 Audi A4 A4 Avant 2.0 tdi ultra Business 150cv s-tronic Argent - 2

______

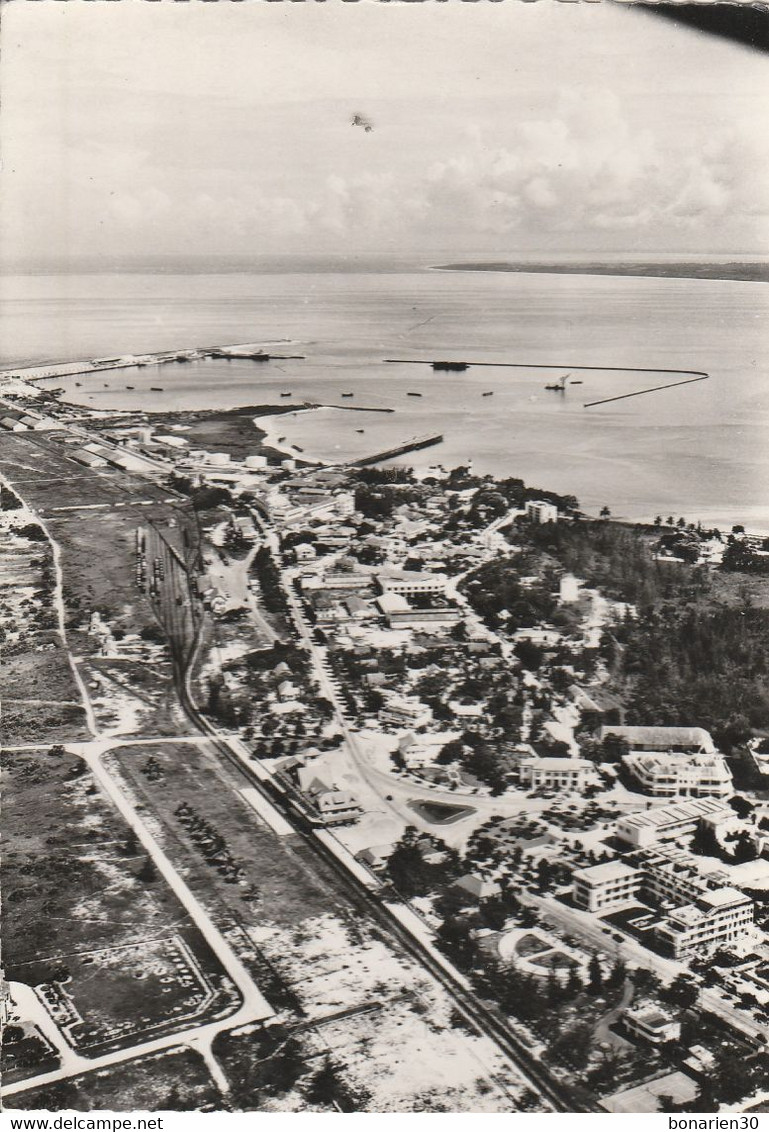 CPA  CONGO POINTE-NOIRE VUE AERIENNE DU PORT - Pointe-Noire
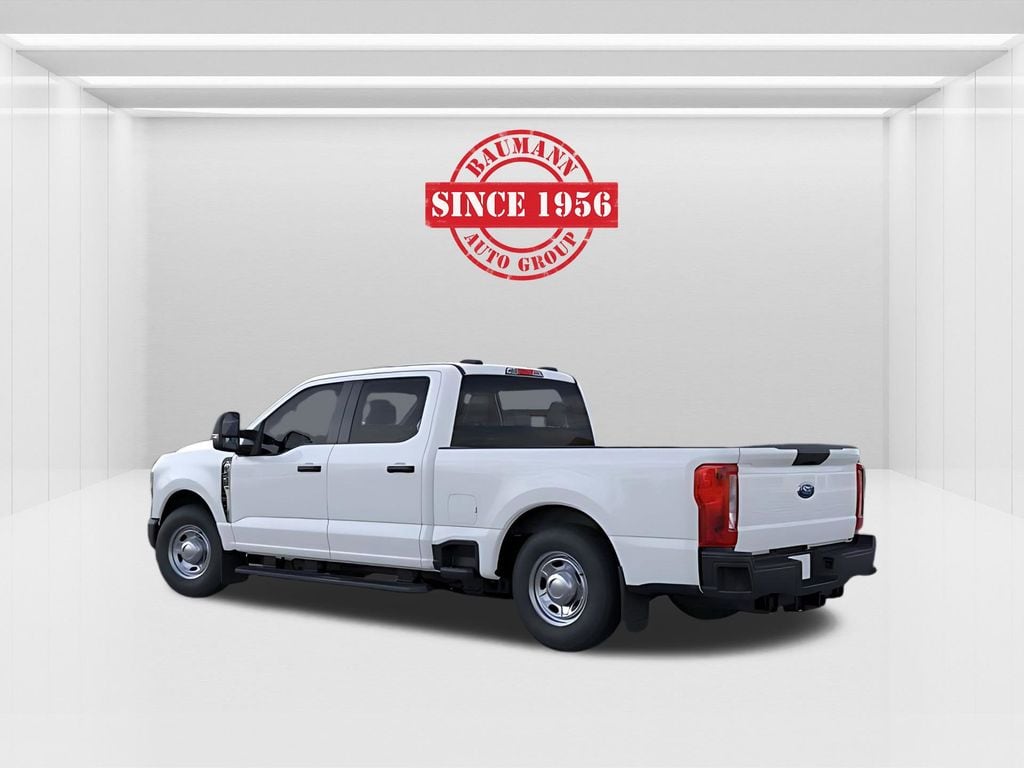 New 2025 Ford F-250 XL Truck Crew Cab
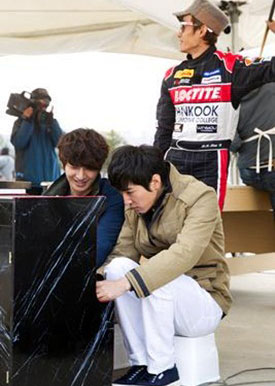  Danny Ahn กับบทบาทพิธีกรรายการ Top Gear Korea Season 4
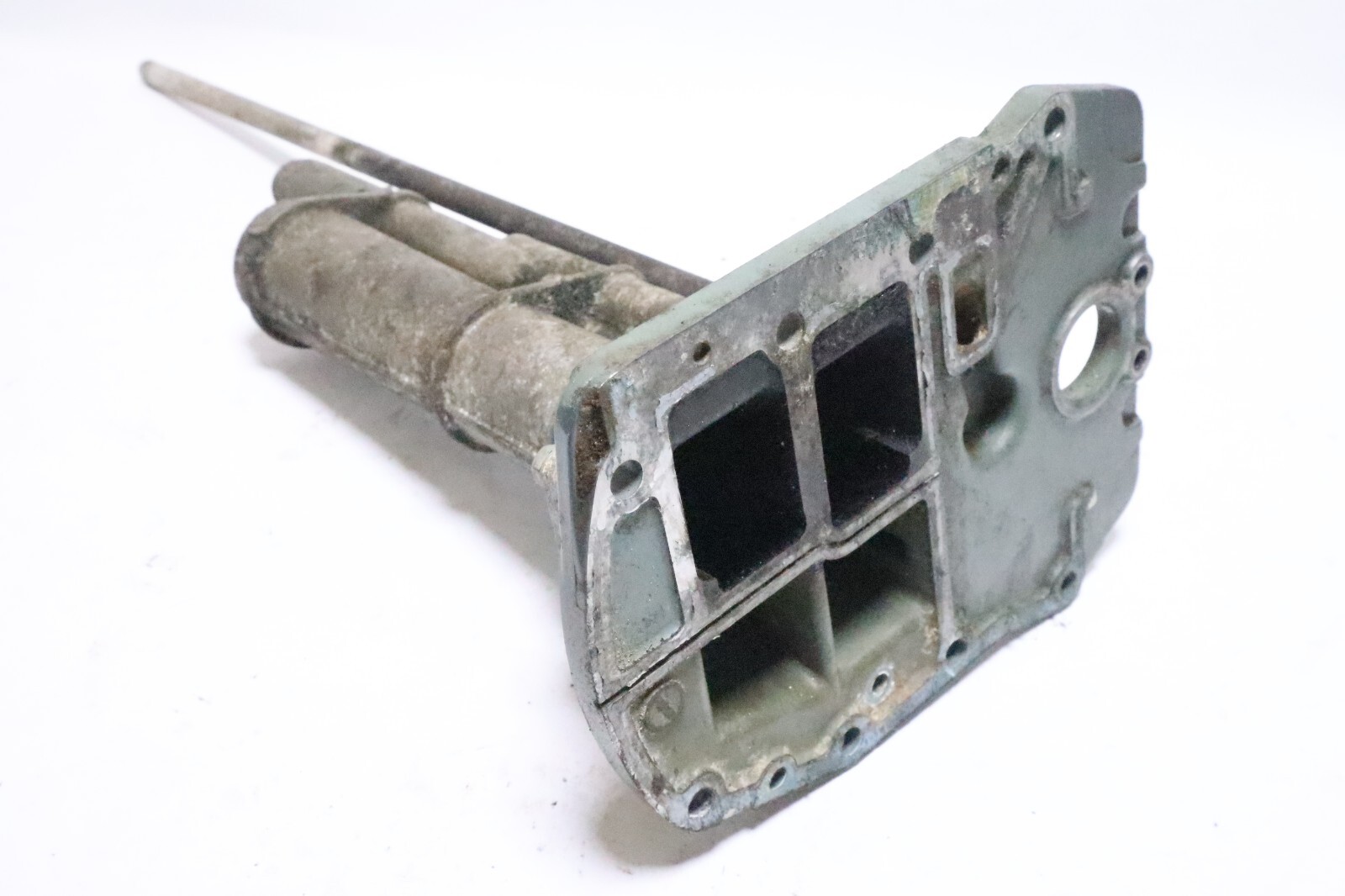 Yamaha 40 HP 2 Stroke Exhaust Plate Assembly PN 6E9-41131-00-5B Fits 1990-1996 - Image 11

______

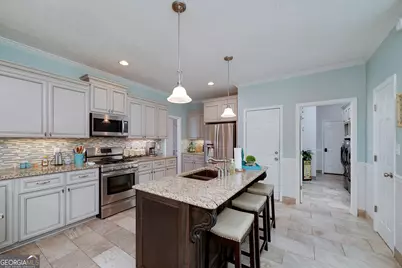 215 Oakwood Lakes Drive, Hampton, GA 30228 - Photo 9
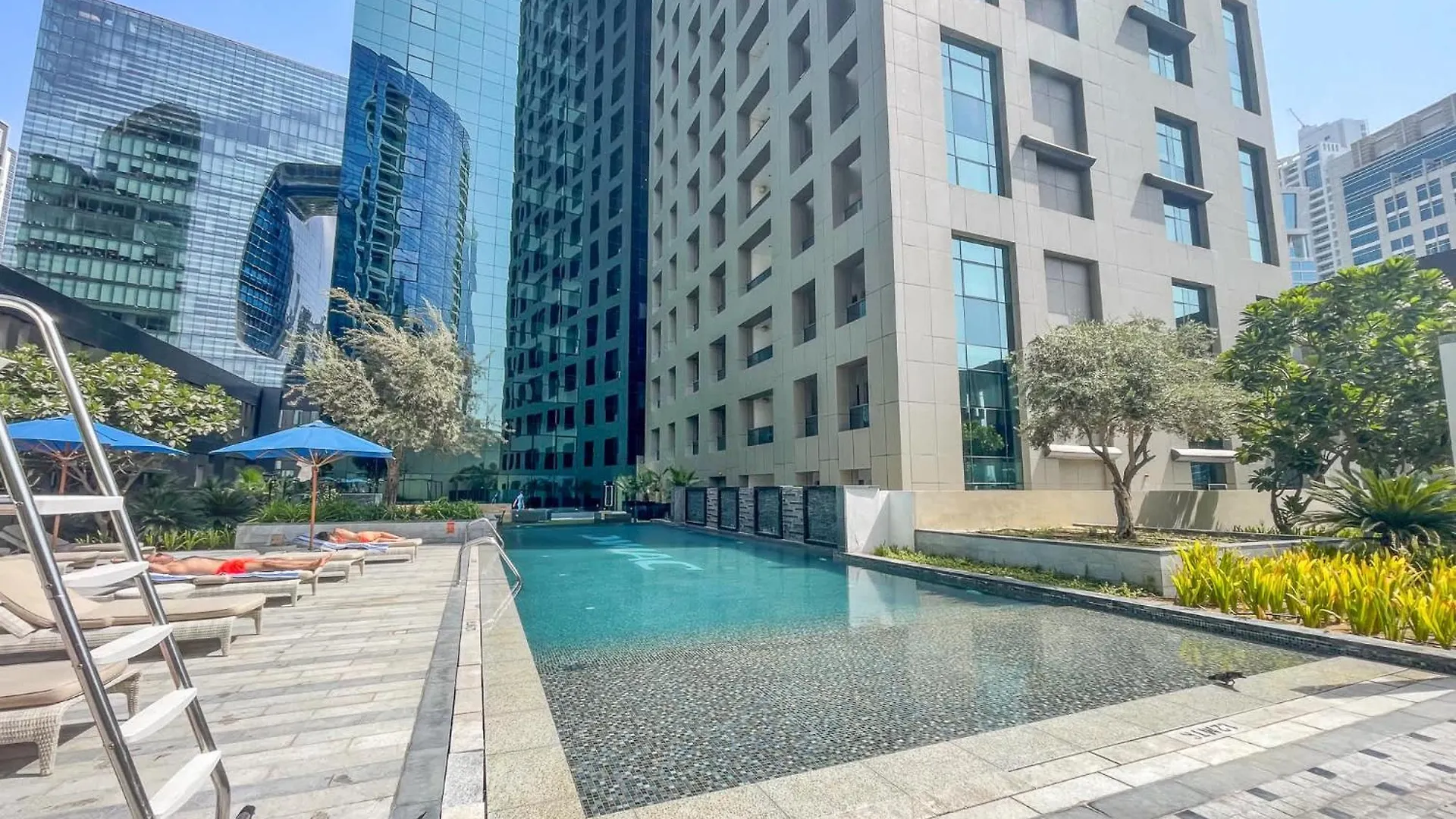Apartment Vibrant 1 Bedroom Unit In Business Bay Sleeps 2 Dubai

______

**Aim of the task**
Take only the lines above from the one that has "PORT - Pointe-Noire" through the one that has "Yamaha 40 HP" and reproduce them exactly, omitting any pictures.

**Result of the task**
 CPA  CONGO POINTE-NOIRE VUE AERIENNE DU PORT - Pointe-Noire
 New 2025 Ford F-250 XL Truck Crew Cab
  Danny Ahn กับบทบาทพิธีกรรายการ Top Gear Korea Season 4
 Yamaha 40 HP 2 Stroke Exhaust Plate Assembly PN 6E9-41131-00-5B Fits 1990-1996 - Image 11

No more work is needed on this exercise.